(What is required) Nothing outside the range below should be printed. Output exactly the lines from the line with "Краги спилковые Safeprotect" to the line with "Artemis Route Map", both included.

Stored entries:
>>

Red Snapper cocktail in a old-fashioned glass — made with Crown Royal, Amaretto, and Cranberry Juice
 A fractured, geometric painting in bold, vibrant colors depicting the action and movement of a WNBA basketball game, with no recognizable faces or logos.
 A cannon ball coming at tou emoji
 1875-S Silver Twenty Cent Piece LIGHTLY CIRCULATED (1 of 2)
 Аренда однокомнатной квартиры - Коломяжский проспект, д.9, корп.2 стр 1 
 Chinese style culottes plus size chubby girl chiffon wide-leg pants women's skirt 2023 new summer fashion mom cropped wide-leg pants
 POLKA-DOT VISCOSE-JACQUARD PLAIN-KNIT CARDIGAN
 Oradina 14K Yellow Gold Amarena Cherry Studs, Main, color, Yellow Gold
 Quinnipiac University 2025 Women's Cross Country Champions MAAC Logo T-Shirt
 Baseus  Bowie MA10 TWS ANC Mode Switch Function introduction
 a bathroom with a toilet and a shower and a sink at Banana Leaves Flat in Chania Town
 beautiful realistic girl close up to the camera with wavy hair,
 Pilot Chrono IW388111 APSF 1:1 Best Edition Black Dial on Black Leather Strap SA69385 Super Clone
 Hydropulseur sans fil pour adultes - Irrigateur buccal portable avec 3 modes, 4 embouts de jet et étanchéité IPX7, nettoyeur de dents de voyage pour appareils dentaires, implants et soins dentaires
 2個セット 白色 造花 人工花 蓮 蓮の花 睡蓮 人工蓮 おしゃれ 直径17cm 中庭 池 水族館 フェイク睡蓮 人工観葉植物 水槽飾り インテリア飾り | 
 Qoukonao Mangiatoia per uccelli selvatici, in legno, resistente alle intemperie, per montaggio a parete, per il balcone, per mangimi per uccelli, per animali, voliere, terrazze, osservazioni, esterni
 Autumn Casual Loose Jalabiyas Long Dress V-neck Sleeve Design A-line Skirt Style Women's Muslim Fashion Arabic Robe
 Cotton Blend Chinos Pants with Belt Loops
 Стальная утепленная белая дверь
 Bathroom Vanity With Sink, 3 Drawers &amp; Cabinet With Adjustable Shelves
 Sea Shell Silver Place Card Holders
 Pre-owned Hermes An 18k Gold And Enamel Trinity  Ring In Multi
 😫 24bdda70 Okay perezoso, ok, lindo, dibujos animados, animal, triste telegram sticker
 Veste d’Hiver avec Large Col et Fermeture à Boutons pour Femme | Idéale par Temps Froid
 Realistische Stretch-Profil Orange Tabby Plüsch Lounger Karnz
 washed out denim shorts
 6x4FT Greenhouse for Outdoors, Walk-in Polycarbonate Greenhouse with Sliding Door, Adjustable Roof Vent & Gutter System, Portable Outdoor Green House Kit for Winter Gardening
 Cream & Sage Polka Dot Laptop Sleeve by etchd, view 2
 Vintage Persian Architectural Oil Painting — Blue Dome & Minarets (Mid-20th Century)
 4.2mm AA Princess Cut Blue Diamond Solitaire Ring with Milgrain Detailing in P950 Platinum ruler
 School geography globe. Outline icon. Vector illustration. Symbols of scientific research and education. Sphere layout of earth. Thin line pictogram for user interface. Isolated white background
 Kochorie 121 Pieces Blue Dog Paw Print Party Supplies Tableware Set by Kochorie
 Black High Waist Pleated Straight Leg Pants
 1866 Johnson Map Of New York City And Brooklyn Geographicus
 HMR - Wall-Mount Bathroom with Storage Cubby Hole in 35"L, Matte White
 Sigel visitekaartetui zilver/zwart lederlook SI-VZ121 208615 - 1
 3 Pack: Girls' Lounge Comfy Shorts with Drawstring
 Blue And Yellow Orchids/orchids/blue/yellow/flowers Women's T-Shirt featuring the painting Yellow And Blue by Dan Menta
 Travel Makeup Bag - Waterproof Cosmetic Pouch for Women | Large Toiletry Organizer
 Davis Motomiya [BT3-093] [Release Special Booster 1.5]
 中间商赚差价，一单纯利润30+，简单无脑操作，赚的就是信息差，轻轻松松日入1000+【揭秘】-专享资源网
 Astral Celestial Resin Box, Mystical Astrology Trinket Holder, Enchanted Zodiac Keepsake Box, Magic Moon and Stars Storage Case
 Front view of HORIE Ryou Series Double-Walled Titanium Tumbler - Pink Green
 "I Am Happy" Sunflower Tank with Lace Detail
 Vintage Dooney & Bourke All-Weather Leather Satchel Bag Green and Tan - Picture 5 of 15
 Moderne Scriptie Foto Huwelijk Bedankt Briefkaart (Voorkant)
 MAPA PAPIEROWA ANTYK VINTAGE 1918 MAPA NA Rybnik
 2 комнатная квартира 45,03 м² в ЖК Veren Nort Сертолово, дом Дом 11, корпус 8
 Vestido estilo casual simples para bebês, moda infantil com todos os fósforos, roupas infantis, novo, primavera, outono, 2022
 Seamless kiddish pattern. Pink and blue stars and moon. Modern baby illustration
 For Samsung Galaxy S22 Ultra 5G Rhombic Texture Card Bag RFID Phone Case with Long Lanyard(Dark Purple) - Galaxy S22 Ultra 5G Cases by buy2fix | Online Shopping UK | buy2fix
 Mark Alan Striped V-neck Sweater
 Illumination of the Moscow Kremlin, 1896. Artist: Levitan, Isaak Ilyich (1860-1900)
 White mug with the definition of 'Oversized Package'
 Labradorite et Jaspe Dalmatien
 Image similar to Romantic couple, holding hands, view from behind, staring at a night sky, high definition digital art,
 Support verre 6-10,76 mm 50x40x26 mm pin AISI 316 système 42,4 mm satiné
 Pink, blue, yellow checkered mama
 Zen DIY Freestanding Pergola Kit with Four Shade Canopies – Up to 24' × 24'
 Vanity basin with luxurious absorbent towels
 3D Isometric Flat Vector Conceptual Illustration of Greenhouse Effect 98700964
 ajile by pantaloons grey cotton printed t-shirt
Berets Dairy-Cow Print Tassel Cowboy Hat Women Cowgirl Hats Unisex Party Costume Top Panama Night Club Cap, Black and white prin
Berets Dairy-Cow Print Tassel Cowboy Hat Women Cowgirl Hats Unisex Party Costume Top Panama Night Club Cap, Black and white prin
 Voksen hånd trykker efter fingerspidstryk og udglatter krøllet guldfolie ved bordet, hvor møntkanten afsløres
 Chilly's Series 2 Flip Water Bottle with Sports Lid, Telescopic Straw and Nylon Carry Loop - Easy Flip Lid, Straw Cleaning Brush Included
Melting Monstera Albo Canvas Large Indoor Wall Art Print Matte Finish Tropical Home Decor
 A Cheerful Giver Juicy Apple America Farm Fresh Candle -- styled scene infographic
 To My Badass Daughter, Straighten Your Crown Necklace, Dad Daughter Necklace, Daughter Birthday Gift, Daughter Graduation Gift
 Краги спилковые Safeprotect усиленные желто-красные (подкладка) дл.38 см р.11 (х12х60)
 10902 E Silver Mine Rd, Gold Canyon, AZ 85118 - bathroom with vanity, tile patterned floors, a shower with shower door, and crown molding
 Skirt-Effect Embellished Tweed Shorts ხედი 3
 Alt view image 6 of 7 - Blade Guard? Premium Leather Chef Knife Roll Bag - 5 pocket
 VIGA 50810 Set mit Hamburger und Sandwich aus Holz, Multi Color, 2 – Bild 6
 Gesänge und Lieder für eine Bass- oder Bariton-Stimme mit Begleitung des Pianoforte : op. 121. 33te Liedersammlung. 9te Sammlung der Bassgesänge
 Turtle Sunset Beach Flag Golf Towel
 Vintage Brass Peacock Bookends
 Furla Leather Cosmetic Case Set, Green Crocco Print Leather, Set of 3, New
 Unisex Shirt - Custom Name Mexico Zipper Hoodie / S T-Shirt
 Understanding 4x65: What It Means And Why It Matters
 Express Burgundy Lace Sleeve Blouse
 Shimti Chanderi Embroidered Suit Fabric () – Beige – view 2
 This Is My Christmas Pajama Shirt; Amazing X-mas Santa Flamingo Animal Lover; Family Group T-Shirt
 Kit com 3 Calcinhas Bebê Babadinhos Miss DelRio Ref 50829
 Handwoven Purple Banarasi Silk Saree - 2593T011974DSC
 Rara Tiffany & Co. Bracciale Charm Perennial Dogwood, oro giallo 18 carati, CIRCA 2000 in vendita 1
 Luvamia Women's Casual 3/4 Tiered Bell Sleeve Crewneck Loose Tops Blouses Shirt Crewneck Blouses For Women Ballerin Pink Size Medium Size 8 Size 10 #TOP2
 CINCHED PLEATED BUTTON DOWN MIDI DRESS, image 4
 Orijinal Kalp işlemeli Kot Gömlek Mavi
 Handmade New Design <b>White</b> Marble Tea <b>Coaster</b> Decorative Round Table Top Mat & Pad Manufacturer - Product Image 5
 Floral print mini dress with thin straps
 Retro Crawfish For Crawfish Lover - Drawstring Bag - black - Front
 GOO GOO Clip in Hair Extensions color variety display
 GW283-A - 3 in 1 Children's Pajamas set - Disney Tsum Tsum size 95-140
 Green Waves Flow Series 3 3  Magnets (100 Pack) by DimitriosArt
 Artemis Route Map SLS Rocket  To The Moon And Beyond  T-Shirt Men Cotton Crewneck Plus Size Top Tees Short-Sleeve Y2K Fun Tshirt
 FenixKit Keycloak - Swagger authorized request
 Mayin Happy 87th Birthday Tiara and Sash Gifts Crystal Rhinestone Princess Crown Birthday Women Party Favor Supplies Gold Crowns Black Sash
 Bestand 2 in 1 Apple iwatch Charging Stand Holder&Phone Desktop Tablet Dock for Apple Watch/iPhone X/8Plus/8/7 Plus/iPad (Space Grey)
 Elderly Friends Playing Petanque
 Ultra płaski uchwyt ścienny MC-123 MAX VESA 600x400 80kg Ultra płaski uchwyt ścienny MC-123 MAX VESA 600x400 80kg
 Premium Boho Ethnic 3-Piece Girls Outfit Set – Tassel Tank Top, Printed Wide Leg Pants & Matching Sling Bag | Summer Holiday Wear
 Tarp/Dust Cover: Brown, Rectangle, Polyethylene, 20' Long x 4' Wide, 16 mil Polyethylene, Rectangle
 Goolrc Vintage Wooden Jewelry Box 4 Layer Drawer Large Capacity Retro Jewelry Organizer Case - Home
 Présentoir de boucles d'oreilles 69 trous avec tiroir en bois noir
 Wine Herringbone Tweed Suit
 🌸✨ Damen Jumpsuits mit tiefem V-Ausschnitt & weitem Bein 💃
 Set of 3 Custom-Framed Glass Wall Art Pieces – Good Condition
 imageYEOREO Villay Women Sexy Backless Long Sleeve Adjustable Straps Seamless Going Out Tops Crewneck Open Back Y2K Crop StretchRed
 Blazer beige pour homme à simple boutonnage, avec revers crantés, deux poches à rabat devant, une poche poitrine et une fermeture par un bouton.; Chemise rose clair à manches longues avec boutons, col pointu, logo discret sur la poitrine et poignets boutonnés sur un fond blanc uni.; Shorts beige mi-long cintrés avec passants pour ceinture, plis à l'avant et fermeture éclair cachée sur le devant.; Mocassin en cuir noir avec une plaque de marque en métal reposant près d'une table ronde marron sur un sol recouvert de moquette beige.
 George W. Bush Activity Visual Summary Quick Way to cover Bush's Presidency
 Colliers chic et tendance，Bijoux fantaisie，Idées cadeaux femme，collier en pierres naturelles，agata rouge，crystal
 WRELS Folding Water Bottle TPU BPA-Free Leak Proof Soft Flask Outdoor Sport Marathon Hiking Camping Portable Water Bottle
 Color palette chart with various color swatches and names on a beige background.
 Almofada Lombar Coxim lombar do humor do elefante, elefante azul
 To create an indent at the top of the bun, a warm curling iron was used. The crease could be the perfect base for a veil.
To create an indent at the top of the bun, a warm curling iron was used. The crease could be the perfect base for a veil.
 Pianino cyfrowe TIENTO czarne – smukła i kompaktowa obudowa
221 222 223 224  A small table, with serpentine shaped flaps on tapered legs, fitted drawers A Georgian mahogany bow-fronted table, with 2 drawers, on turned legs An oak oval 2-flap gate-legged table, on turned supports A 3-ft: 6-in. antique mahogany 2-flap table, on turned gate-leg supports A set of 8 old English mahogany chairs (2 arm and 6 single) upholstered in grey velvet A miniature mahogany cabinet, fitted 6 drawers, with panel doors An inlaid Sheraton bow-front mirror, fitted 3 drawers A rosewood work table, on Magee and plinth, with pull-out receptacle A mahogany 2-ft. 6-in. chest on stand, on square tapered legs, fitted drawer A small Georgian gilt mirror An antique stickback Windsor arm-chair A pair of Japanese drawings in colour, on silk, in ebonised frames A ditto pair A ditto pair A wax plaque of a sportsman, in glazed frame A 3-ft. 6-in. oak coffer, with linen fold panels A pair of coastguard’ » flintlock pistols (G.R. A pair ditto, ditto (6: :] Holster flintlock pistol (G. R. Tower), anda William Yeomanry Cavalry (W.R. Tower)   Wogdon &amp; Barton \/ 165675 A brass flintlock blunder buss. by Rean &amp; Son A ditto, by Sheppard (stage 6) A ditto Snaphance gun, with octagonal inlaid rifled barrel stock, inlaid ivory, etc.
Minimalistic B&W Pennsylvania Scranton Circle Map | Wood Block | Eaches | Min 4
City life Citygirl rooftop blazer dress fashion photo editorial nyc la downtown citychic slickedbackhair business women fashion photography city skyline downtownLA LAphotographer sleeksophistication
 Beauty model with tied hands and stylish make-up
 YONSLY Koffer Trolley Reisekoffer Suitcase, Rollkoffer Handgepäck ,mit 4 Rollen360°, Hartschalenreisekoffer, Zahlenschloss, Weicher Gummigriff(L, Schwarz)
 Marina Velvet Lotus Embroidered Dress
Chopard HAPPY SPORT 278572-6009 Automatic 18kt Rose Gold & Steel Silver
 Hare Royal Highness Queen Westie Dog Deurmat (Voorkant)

<<

(Response below)
 Краги спилковые Safeprotect усиленные желто-красные (подкладка) дл.38 см р.11 (х12х60)
 10902 E Silver Mine Rd, Gold Canyon, AZ 85118 - bathroom with vanity, tile patterned floors, a shower with shower door, and crown molding
 Skirt-Effect Embellished Tweed Shorts ხედი 3
 Alt view image 6 of 7 - Blade Guard? Premium Leather Chef Knife Roll Bag - 5 pocket
 VIGA 50810 Set mit Hamburger und Sandwich aus Holz, Multi Color, 2 – Bild 6
 Gesänge und Lieder für eine Bass- oder Bariton-Stimme mit Begleitung des Pianoforte : op. 121. 33te Liedersammlung. 9te Sammlung der Bassgesänge
 Turtle Sunset Beach Flag Golf Towel
 Vintage Brass Peacock Bookends
 Furla Leather Cosmetic Case Set, Green Crocco Print Leather, Set of 3, New
 Unisex Shirt - Custom Name Mexico Zipper Hoodie / S T-Shirt
 Understanding 4x65: What It Means And Why It Matters
 Express Burgundy Lace Sleeve Blouse
 Shimti Chanderi Embroidered Suit Fabric () – Beige – view 2
 This Is My Christmas Pajama Shirt; Amazing X-mas Santa Flamingo Animal Lover; Family Group T-Shirt
 Kit com 3 Calcinhas Bebê Babadinhos Miss DelRio Ref 50829
 Handwoven Purple Banarasi Silk Saree - 2593T011974DSC
 Rara Tiffany & Co. Bracciale Charm Perennial Dogwood, oro giallo 18 carati, CIRCA 2000 in vendita 1
 Luvamia Women's Casual 3/4 Tiered Bell Sleeve Crewneck Loose Tops Blouses Shirt Crewneck Blouses For Women Ballerin Pink Size Medium Size 8 Size 10 #TOP2
 CINCHED PLEATED BUTTON DOWN MIDI DRESS, image 4
 Orijinal Kalp işlemeli Kot Gömlek Mavi
 Handmade New Design <b>White</b> Marble Tea <b>Coaster</b> Decorative Round Table Top Mat & Pad Manufacturer - Product Image 5
 Floral print mini dress with thin straps
 Retro Crawfish For Crawfish Lover - Drawstring Bag - black - Front
 GOO GOO Clip in Hair Extensions color variety display
 GW283-A - 3 in 1 Children's Pajamas set - Disney Tsum Tsum size 95-140
 Green Waves Flow Series 3 3  Magnets (100 Pack) by DimitriosArt
 Artemis Route Map SLS Rocket  To The Moon And Beyond  T-Shirt Men Cotton Crewneck Plus Size Top Tees Short-Sleeve Y2K Fun Tshirt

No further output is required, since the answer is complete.